= GOAL OF THE EXERCISE =
Return each line of the data below exactly, omitting any pictures.

= THE DATA =
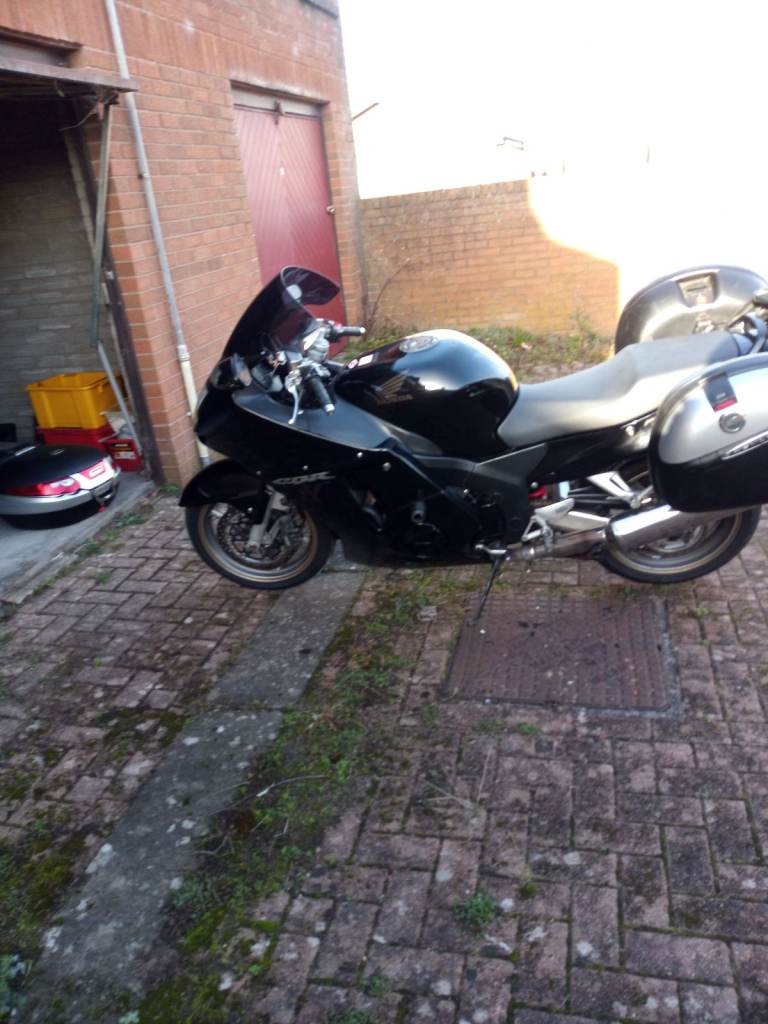 Honda, CBR, 2005, 1137 (cc)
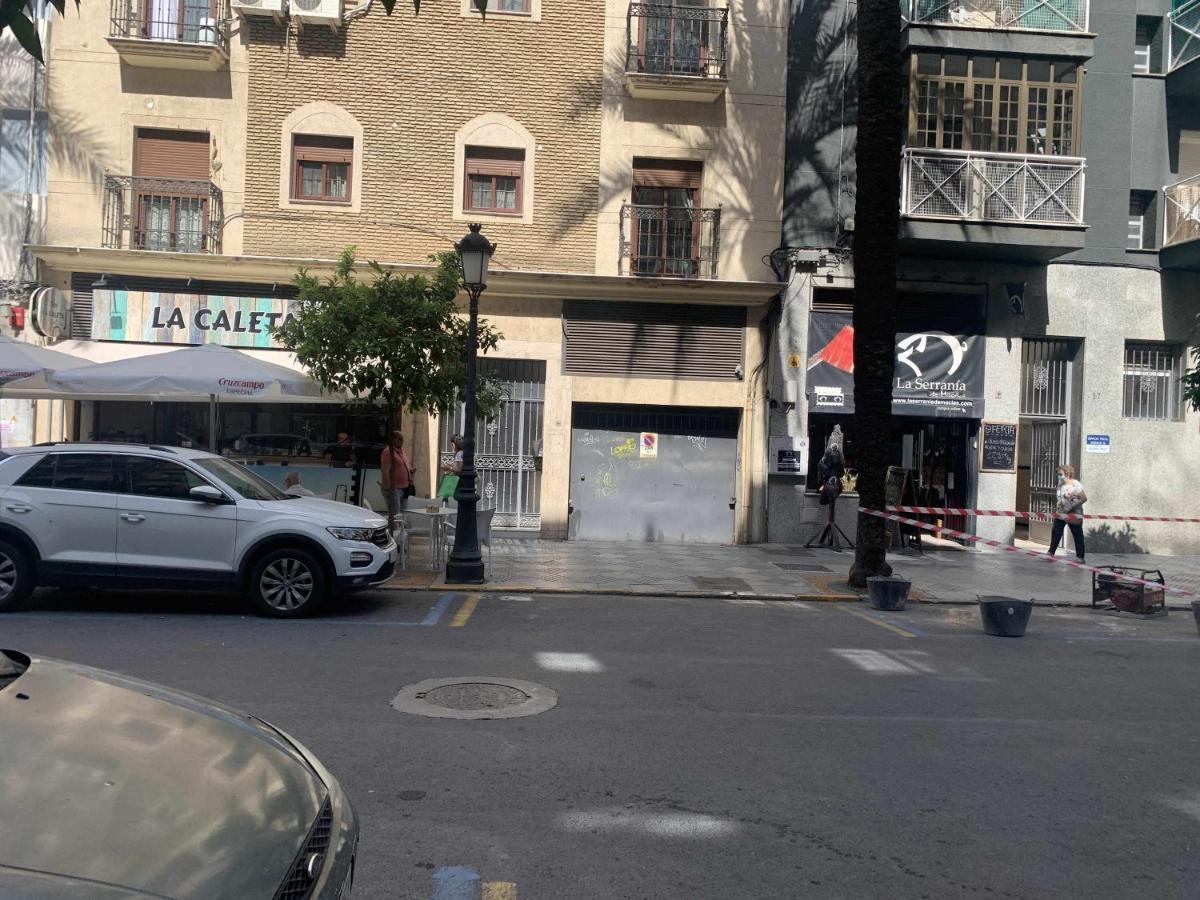 Apartamento Tranquilo En Pleno Centro Con Garaje Huelva Ngoại thất bức ảnh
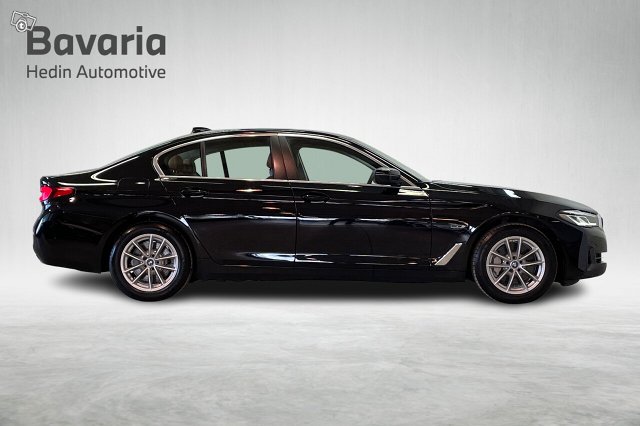 BMW 530 6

= SOLUTION TO THIS TASK =
 Honda, CBR, 2005, 1137 (cc)
 Apartamento Tranquilo En Pleno Centro Con Garaje Huelva Ngoại thất bức ảnh
 BMW 530 6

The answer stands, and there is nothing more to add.